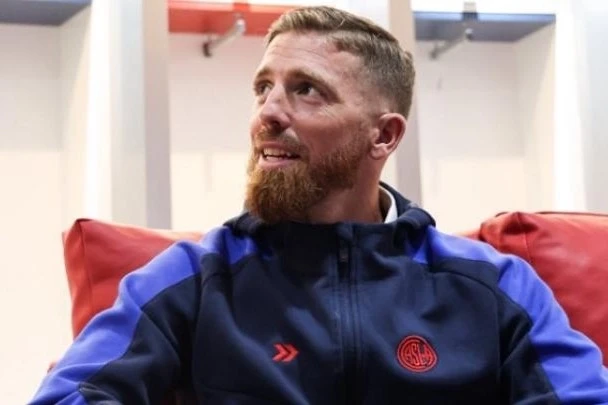 Iker Muniain Leaves San Lorenzo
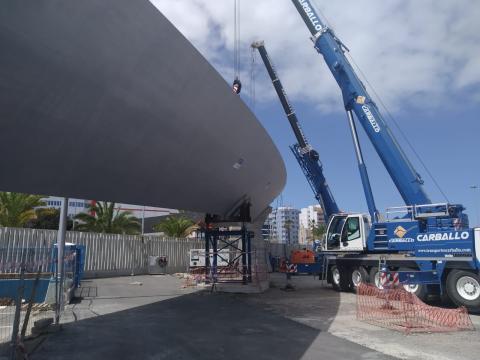 Las Palmas de Gran Canaria instala la última de las piezas de la pasarela del Puerto Onda Atlántica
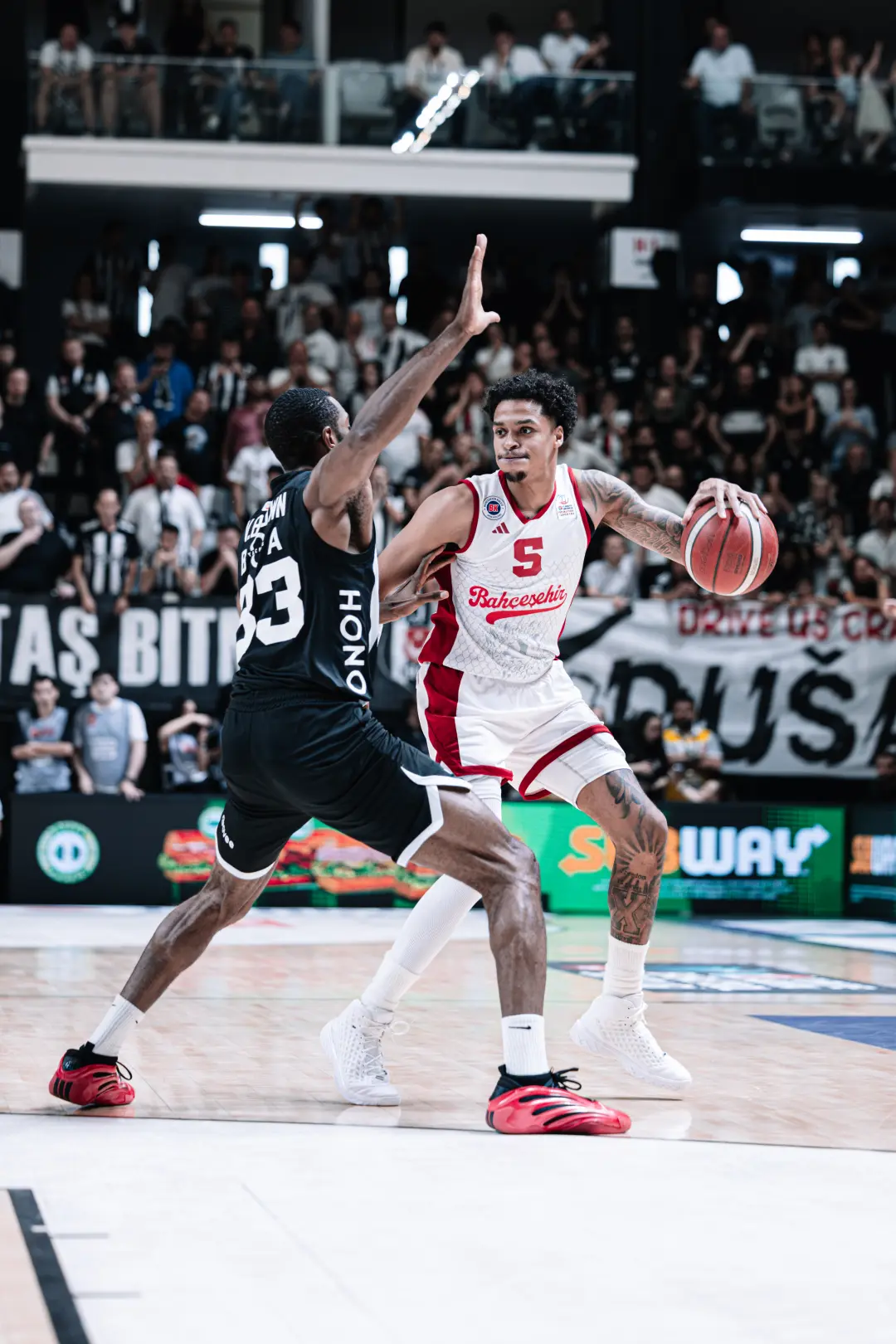 BSL 2025-2026 Sezonu | Play-off | Yarı Final | 5. Maç | Beşiktaş Gain - Bahçeşehir Koleji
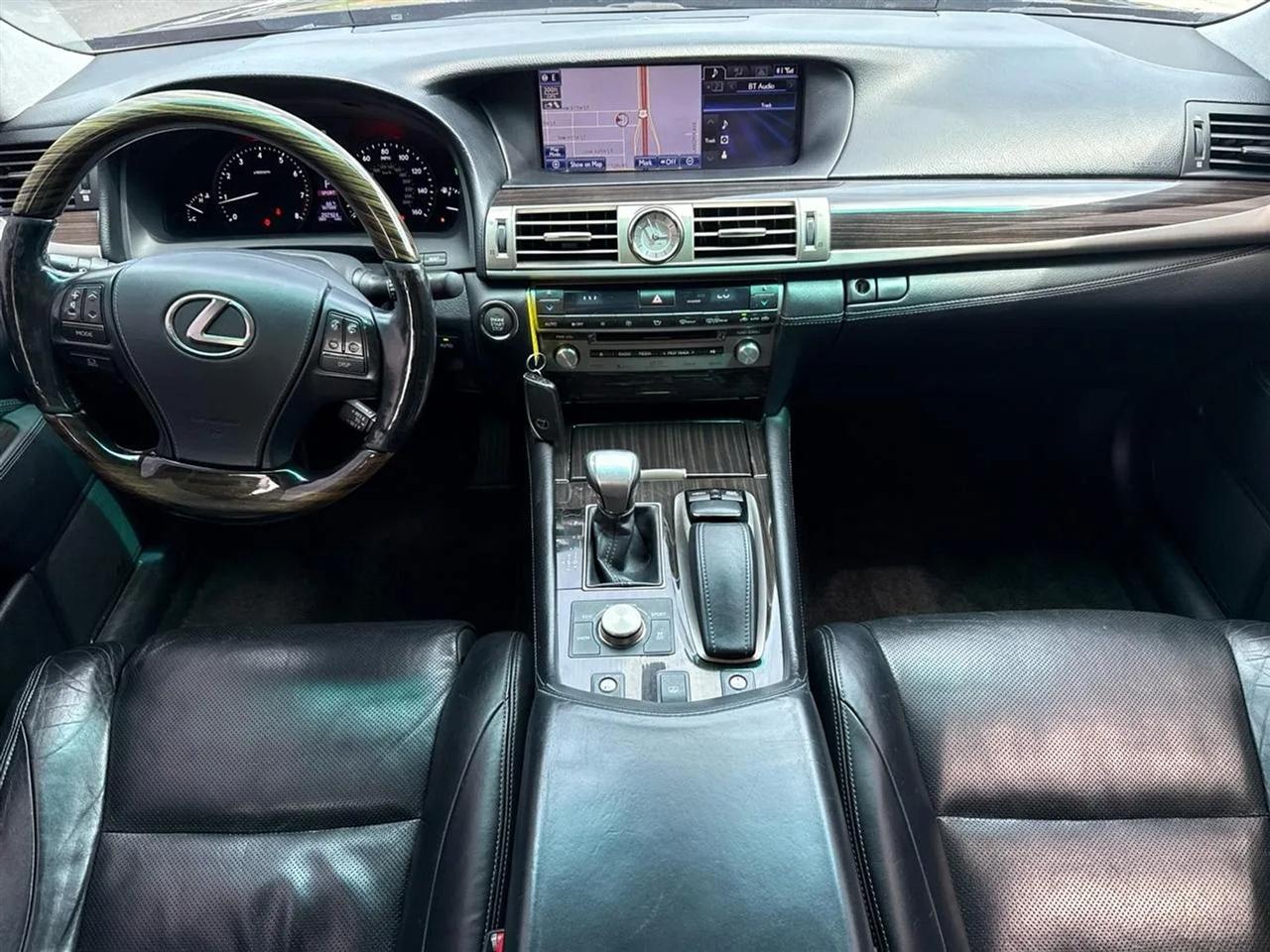 Lexus LS 460 4dr Sdn L RWD 2013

_EXERCISE_
Transcribe the data completely. No pictures should appear in the transcription.

_ANSWER TO THIS PROBLEM_
 Iker Muniain Leaves San Lorenzo
 Las Palmas de Gran Canaria instala la última de las piezas de la pasarela del Puerto Onda Atlántica
 BSL 2025-2026 Sezonu | Play-off | Yarı Final | 5. Maç | Beşiktaş Gain - Bahçeşehir Koleji
 Lexus LS 460 4dr Sdn L RWD 2013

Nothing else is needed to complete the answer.